Data listing

- - - -

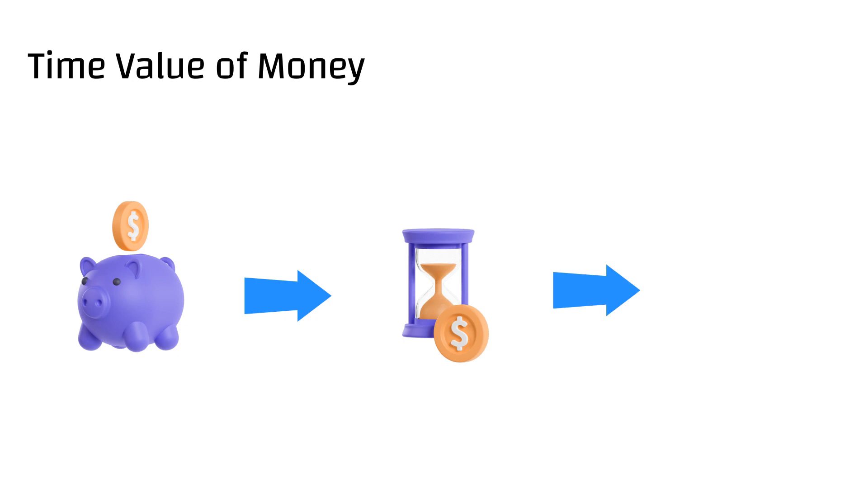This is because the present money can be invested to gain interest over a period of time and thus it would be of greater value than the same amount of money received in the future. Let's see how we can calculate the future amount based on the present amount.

- - - -

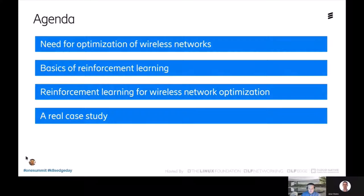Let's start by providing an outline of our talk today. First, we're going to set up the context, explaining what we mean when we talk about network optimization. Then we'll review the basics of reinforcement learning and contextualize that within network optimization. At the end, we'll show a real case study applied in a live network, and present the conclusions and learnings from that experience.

- - - -

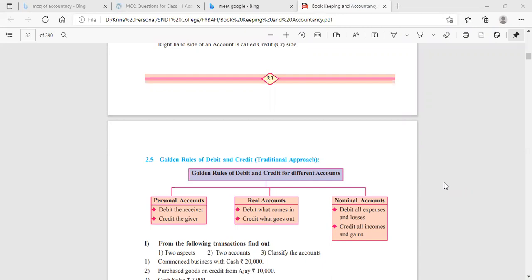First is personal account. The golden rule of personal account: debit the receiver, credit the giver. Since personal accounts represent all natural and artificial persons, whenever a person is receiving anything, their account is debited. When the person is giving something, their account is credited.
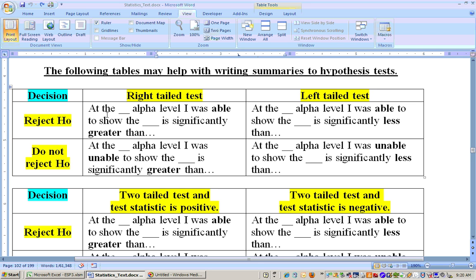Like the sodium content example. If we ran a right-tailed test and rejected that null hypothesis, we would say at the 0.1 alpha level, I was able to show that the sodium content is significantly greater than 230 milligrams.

- - - -

Task instructions
Return, exactly as they stand, the lines above from the one with "First is personal" to the one with "Like the sodium", omitting any pictures among them.

Exercise response
First is personal account. The golden rule of personal account: debit the receiver, credit the giver. Since personal accounts represent all natural and artificial persons, whenever a person is receiving anything, their account is debited. When the person is giving something, their account is credited.
Like the sodium content example. If we ran a right-tailed test and rejected that null hypothesis, we would say at the 0.1 alpha level, I was able to show that the sodium content is significantly greater than 230 milligrams.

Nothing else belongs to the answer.